Climate related risk and opportunity – an integral part of the investment process
- AP6’s Board of Directors has established goals for AP6’s climate efforts.
- The AP6 Code of Conduct states that, “AP6 shall actively strive to ensure that the companies and funds in which AP6 has invested, identify and take action on climate-related risks and opportunities”.
- AP6 has also integrated climate change related aspects into its assessment of new investments and reviews the climate related risks and opportunities that could impact the investment decision or plan for ownership.
- Questions about the climate related risks and opportunities are included in the template for the annual sustainability assessment of fund managers in AP6’s portfolio.
- AP6 strives to demonstrate the importance of climate issues from an investor perspective. It also strives for more transparency in reporting of environmental impact.

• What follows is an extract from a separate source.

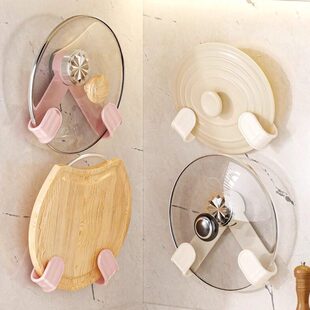 吸盘旋转锅盖架壁挂式免打孔厨房置物架2025新款菜板锅铲架子收纳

Carbon Footprint – for more transparency
- AP6 calculates the carbon footprint of the investment portfolio on an annual basis using the latest available carbon data. Together with the other Swedish AP Funds’, AP6 has agreed upon four carbon footprint indicators to report on. The Swedish AP Funds have concluded that the carbon footprint is one of several ways to continuously assess investments from a climate perspective. From AP6’s perspective, measuring carbon footprint is a way of requestingmore transparency from unlisted companies and PE funds. It is also a way of increasing awareness of climate issues in the private equity industry on a broader perspective. When it comes to assessing climate related risks or climate impact, the carbon footprint has its limitations.
- For an investor in unlisted companies with a limited number of investments, the divestment of a company in one sector, and the acquisition of another company in a different sector can significantly impact the carbon footprint. A carbon footprint also has other limitations. As an example, for Scope 1 and 2, reported emission data from companies is not complete and needs to be estimated in varying degrees, only certain asset classes are covered, savings in emissions through products and services are not included and information about fossil fuel reserves and physical climate risks are not included.

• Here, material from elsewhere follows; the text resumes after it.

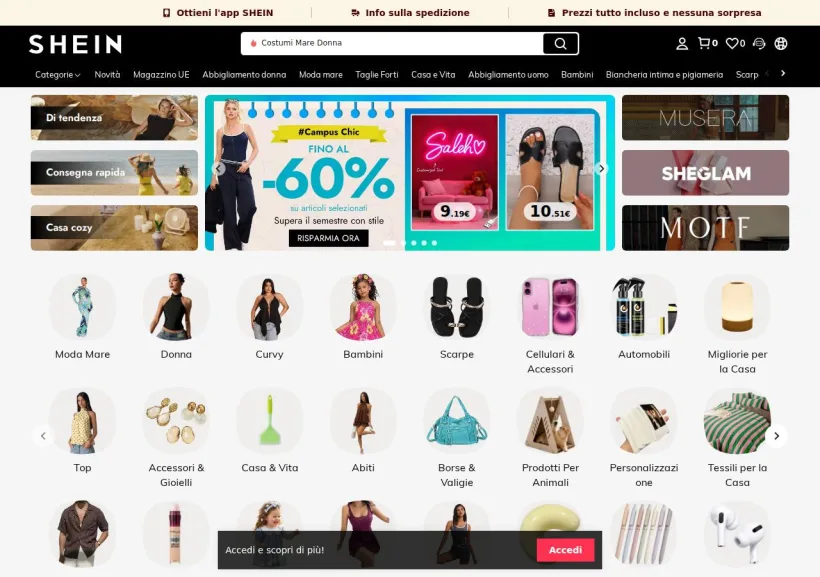 Schermata della pagina offerta di Shein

- Compared to listed companies, it is not as common for unlisted companies to report their carbon emissions. To a certain extent, it is due to a lower level of public reporting. Furthermore, unlisted companies face different sets of requirements (from their owners, consumers, interest groups and other stakeholders) when it comes to measuring and reporting carbon emissions. Because it is relatively unusual for unlisted companies to report their carbon emissions, access to such information is limited. In order to calculate the carbon footprint of AP6’s unlisted portfolio, the information reported on portfolio companies’ carbon emissions has been combined with estimated carbon emissions.

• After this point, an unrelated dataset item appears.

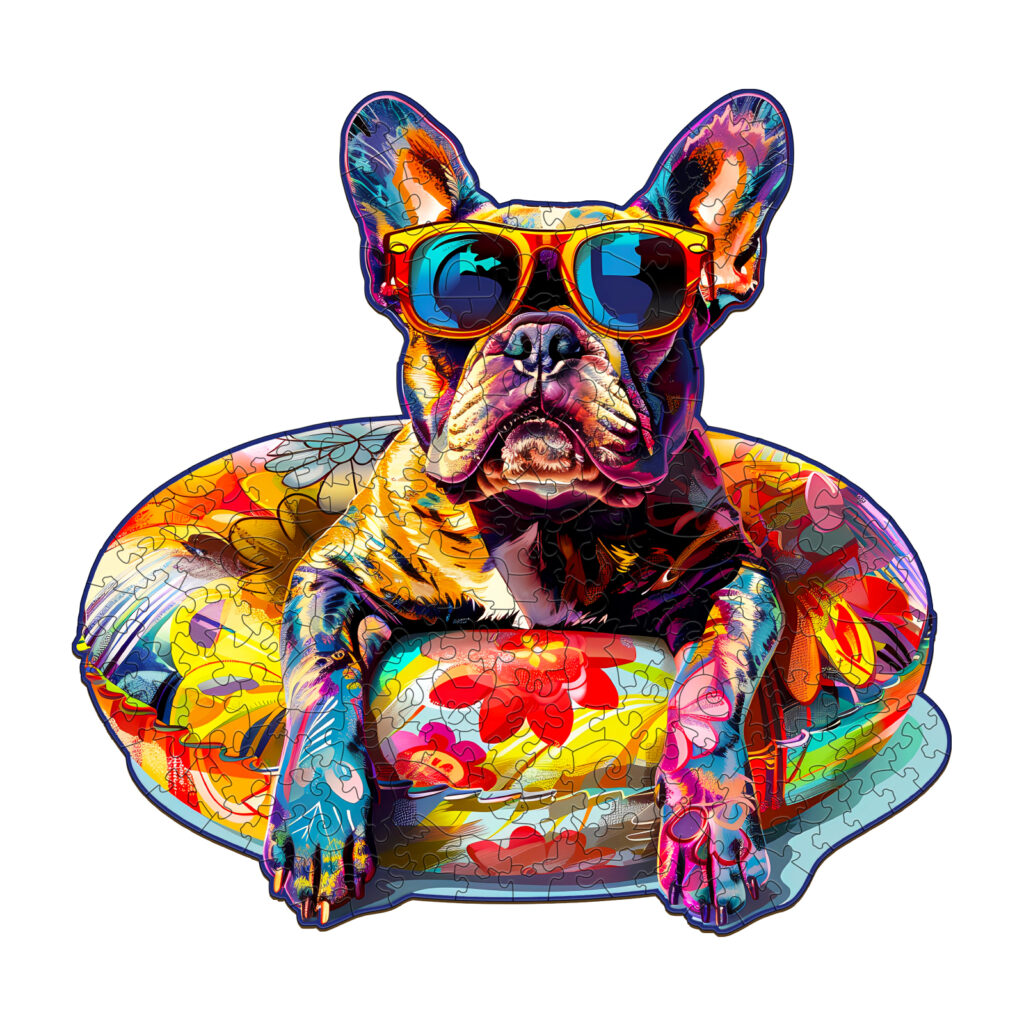 Wooden Jigsaw Puzzle-Swimming French Bulldog 66cf1e2d7c575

- Given its mandate and focus, AP6 seldom invests in resource extraction. AP6 has very few investments in the energy sector (as of 2019-12-31, 1.5 % of total managed assets). Most such companies in the portfolio provide services/support to extraction industries. In this segment, there are also examples of companies that are increasingly deriving revenues from renewable energy sources, such as offshore wind power. In general, AP6 avoids investments in fossil fuels and has, on various occasions, declined such opportunities. The reason for this is the negative climate impact associated with fossil fuels and the risk of stranded assets (i.e. assets that are no longer possible to extract due to the limitation of a global carbon budget). There are other financial risks to consider as well.